There are two kinds of “love” that Roxanne wrestles with. One has to do with caregiving and
responsibility for one’s kin. How much
should she give to the wounded people in her life? Then there’s romantic love. To paraphrase a
question Roxanne asks herself late in the novel: how can you love when you have
never been loved yourself? Roxanne is
tender-hearted, but at the start of the novel has been unable to form a
romantic relationship with an emotionally stable man. Her mother, who rarely touched her, rarely
had a kind word, was too wounded to love her the way a baby and child should be
loved. In the course of the book, she has to learn how to open herself to love
and to trust that she can be loved in return.
You’ve written so many gorgeous books, from memoirs to
novels. Do you feel that you are able to build on each previous novel, or is
every work a new one?
Oh, I wish I could build on what I’ve written, but I seem
unable to fully do that. I know more
about craft than I did when I did as a beginning writer, but that knowledge
doesn’t always help in creating a coherent work. Sometimes it even hinders.
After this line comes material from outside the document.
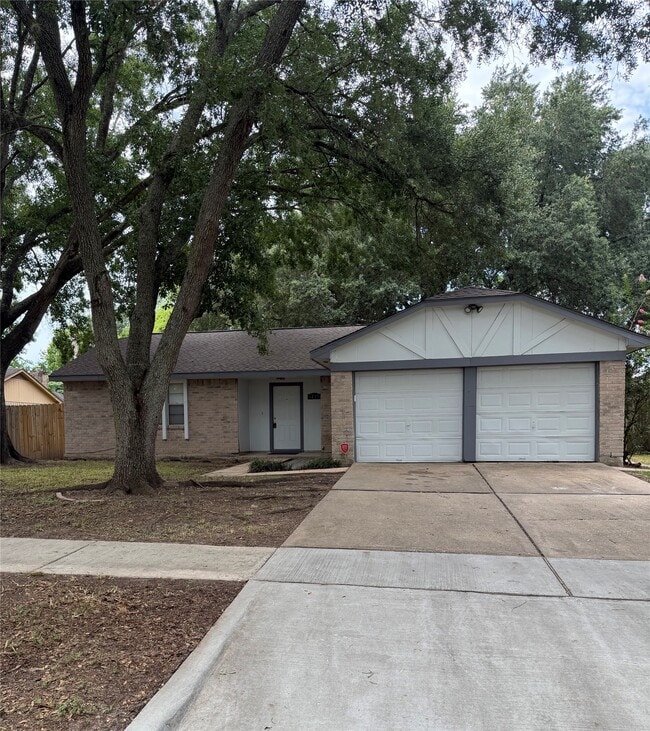 Building Photo - 1211 Twining Oaks Ln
But as you say, we are haunted into writing
our books, and so I bumble along.
What’s obsessing you now and why?
I’m finishing a first draft set in in 1972, which begins
with the disappearances of a charismatic middle-aged man. He’s left three women behind – his very young
wife, Lindy, who’s the protagonist, his eccentric best friend, and a girl he
picked up hitchhiking, who’s pregnant with his child. For a year, the three live together in Maine.
Although I know it’s a tough story to write at this particular period of time,
I’m trying to write a nuanced portrait of a charming, immoral, kind of awful
man, who also, in major ways transformed the course of my protagonist’s life.
The story is framed by Lindy at the present time. (And I loved Cruel, Beautiful
World, which is this book’s beautiful stepsister…)
What question didn’t I ask that I should have?
Who am I reading?
Apart from Caroline Leavitt? I loved The Friend, The Body in Question,
The Mars Room. I’ve been teaching lit courses of late and read widely all
summer long for whatever theme I choose.
This year it was “Brooklyn.” My
students – men, women, of all ethnicities, mostly computer science or tech
majors, all fell in love with A Tree Grows in Brooklyn. I can’t tell you how surprised and delighted
I was. They are hungry for great stories.